Cound Hall is a prime example of the rendering of the English Baroque manner in a deeply countrified setting in the Welsh Marches, showing some reflection of the work of Francis Smith of Warwick. The west and east facades are very similar but not quite identical. The house is made notable for its giant order of stop-fluted Corinthian pilasters with richly carved capitals, which Colvin found "ambitious but inept" and suggested that the inspiration was the King William block at Greenwich Hospital,[2] designed by Christopher Wren. The East front also has a pediment, which breaks back in its centre; it is decorated with abaci and fragments of entablature above pilasters that stand on rusticated bases.

The piece de resistance of the house is arguably the staircase, a fascinating alteration which can be dated to the late 18th century. The concept of the staircase was to gain more room where the original staircase had been whilst giving more perceived spaciousness. The staircase has a delicate metal handrail and runs through both storeys along three sides of an open well.
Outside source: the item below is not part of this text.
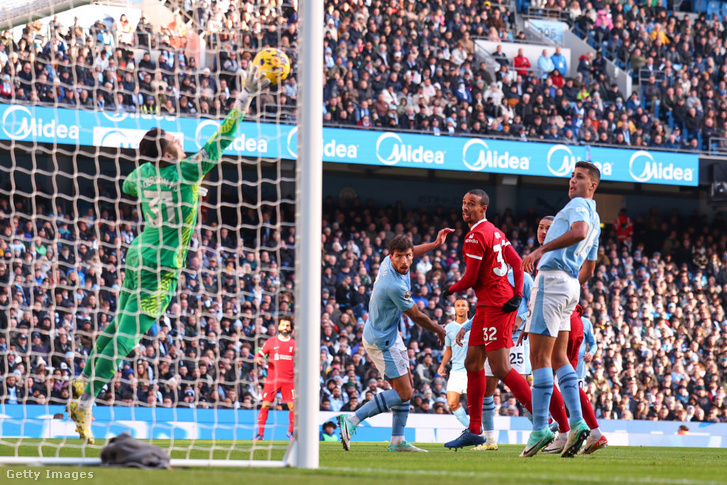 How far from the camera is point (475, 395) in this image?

The clever structure of the staircase is that it is not attached along the back wall of the hall but leaves a space there and flies upward independently of the back wall. The staircase rests on two beautiful fluted columns. There is light Neo-Elizabethan plaster work on the underside of the staircase.

[edit] Notes

  1. ^ Howard Colvin, A Biographical Dictionary of British Architects, 1600-1840, 3rd ed. 1995, p 781, suggests that Price is the same John Price who acted as agent and surveyor to Edward Harley in laying out of the Harley estate in Marylebone, London.